Tone mapping is the process of compressing the wide dynamic range of an HDR source into the narrower range a display or print can actually show, while preserving as much perceptual realism as possible. A scene captured across multiple bracketed exposures or in a single high-bit-depth raw might span 14 to 20 stops, but the screen the image will be viewed on can show roughly 8 to 10 stops, and a print perhaps 6 to 7. Tone mapping is the bridge between those two ranges.

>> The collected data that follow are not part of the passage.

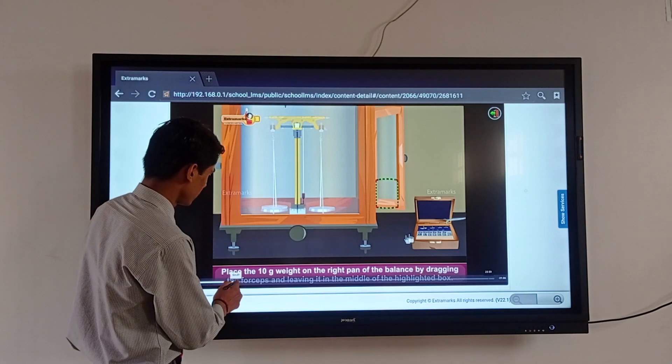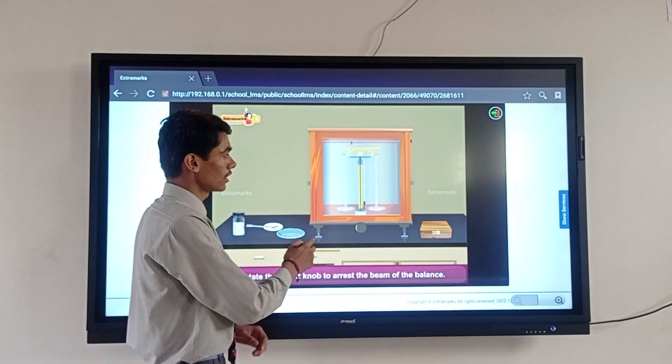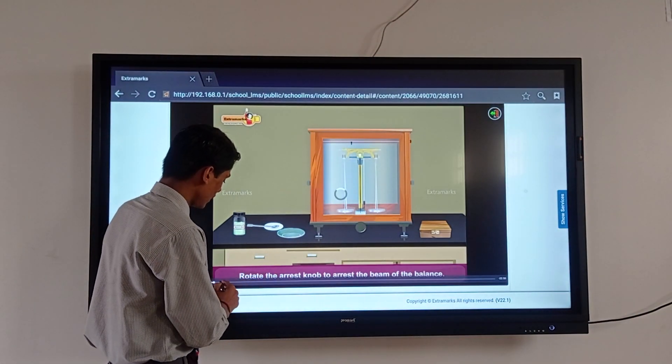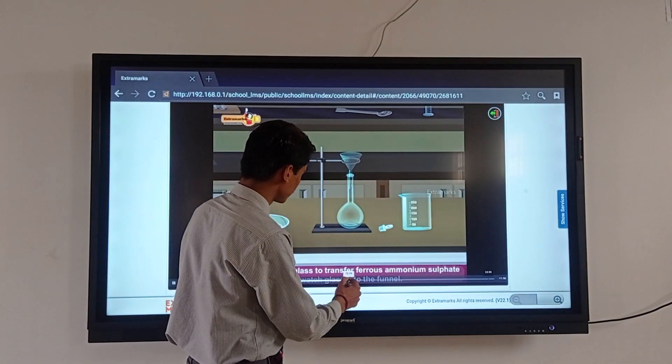This is a chemical balance. On this chemical balance we measure 4.9 grams of ferrous ammonium sulfate. This is required to make the solution. After that, put the ammonium sulfate into the volumetric flask.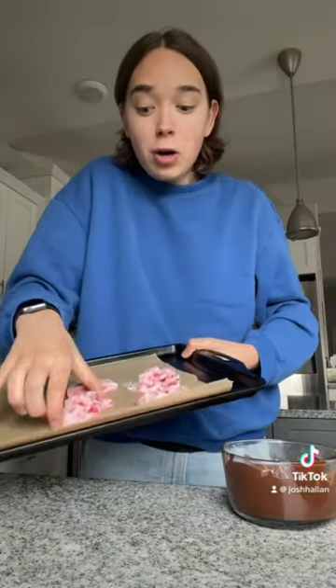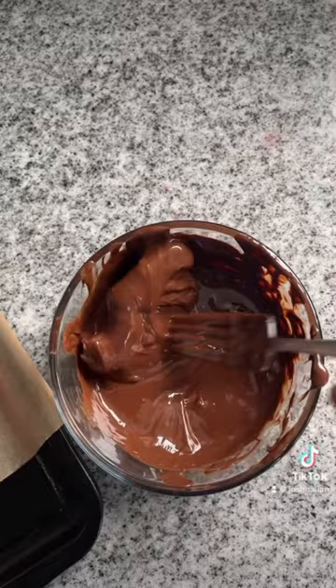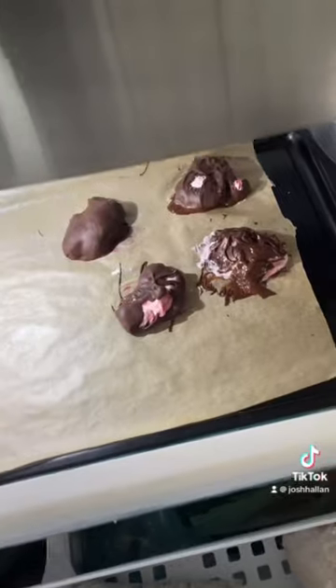The chocolate is done and I actually didn't burn it! I'm really nervous for this part — I need to dip these into the chocolate. Everyone seems to have an issue with it. I'm just gonna dump it in from the top. This is so hard. How do I get it out? Okay, wait, this is easy. Here they are — they look so good! I have to put them in the freezer for a day. Come back to see me try them.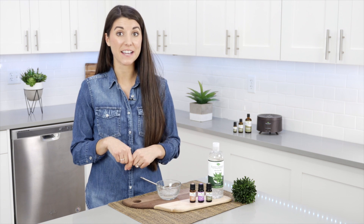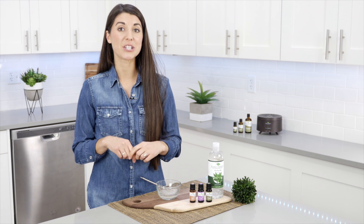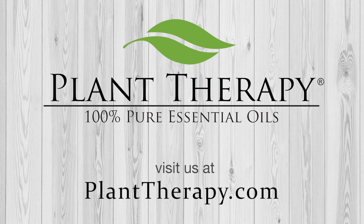Oregano is one of the most popular essential oils to have on hand because it is so powerful and effective. But remember, as with all essential oils, it should be used with caution. Have questions on how to safely and effectively use oregano essential oil? Email one of Plant Therapy's Certified Aromatherapists at aromatherapist@planttherapy.com. See you soon.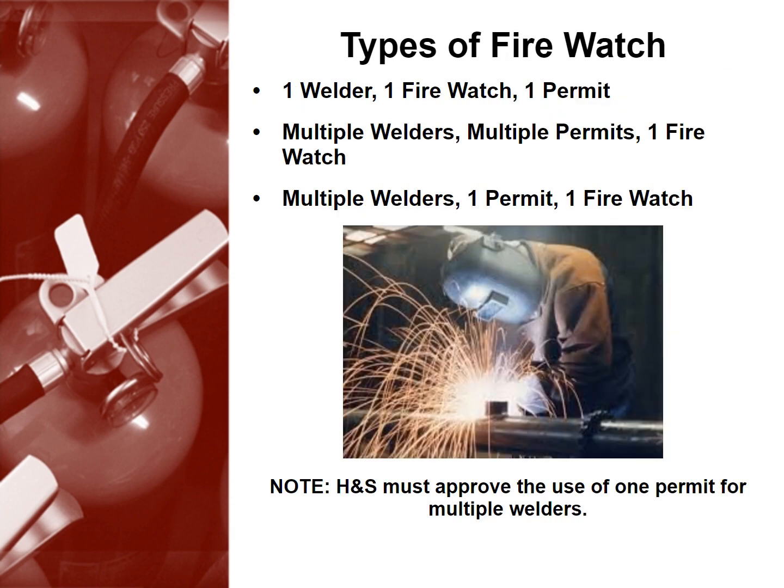Similarly, there are different types of firewatch. For one welder, you'll need one firewatch and one permit. For multiple welders, you'll need one firewatch and multiple permits. If you use one permit and one firewatch for multiple welders, you'll need health and safety approval.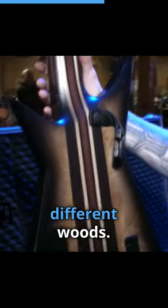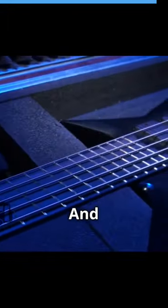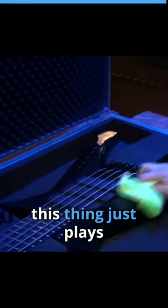This guy put this thing together — fantastic. This guy's got, like, six different woods. It's even got graphite for strength. I mean, this guy did a fantastic job. I got the fan frets, so you get a longer scale on your low-end strings, and yeah, this thing just plays great.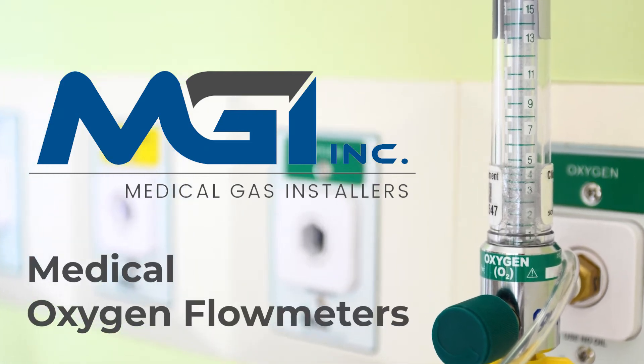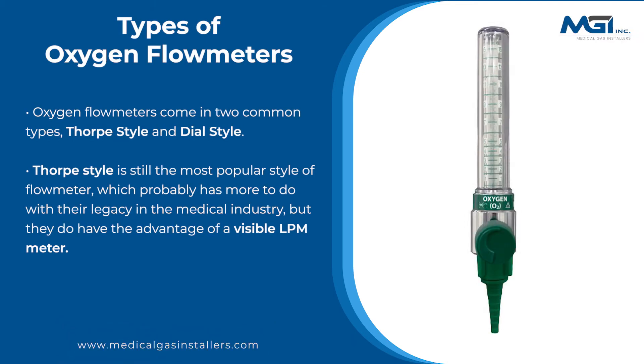MGI Medical Gas Installers provides various types of medical oxygen flow meters. Oxygen flow meters come in two common types: Thorpe style and Dial style.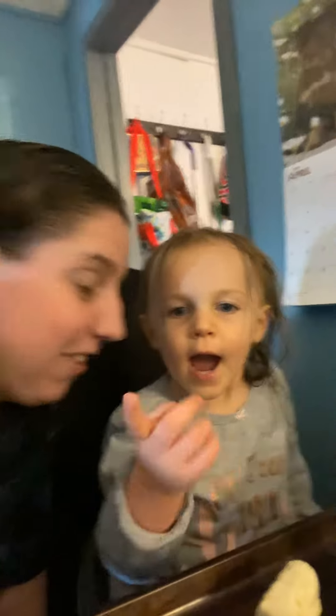Hi everyone, how are you? Me and Evie are here, and Mommy and me.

Two broad classes of algorithms are used. Global tone mapping applies a single curve to the entire image, much like a heavy tone curve applied to a raw file. It is fast, predictable, and preserves global contrast relationships, but it cannot do much for scenes where both shadows and highlights need attention. Local tone mapping, by contrast, analyzes the image regionally and applies different mapping curves to different areas, which is how shadow detail and highlight detail can both be lifted into the visible range without an overall low-contrast pancake of an image.
Done well, tone mapping looks like a natural photograph that simply happens to show extraordinary range, with detail in both the cathedral interior and the bright stained-glass windows visible at once. Done poorly, it produces the over-cooked, hyper-saturated, halo-laden HDR look that dominated landscape photography in the mid-2000s, where every cloud glowed and every shadow was lifted to the point of unreality. The technical capability is the same; the difference lies in restraint and in algorithmic choices.
Modern workflows often dispense with the dedicated HDR-merge-then-tone-map pipeline in favor of single-raw editing combined with exposure blending by hand. A 14-stop raw from a recent sensor has enough headroom that careful masking and per-region adjustments produce results indistinguishable from multi-exposure HDR for most scenes. The remaining cases, very high-contrast architectural interiors with sun-lit exteriors, astrophotography composites, and similar edge cases, still benefit from explicit tone-mapping software like Photomatix or Aurora HDR.
Display-side tone mapping is also a factor. HDR-capable monitors and televisions perform their own dynamic range adaptation, and the same image file can look quite different on an SDR display and an HDR-10 display. Photographers preparing work for both should review on a calibrated SDR monitor at the intended output brightness, since the majority of viewers will see SDR versions on phones and laptops regardless of the master file’s capabilities.
Common pitfalls include pushing local contrast until edge halos appear, over-saturating colors that were already at the limit of the color space, and forgetting that a heavily tone-mapped JPEG cannot be undone. Saving the layered, high-bit-depth master file separately from the exported view preserves the ability to retreat from extreme processing when the look ages out of fashion.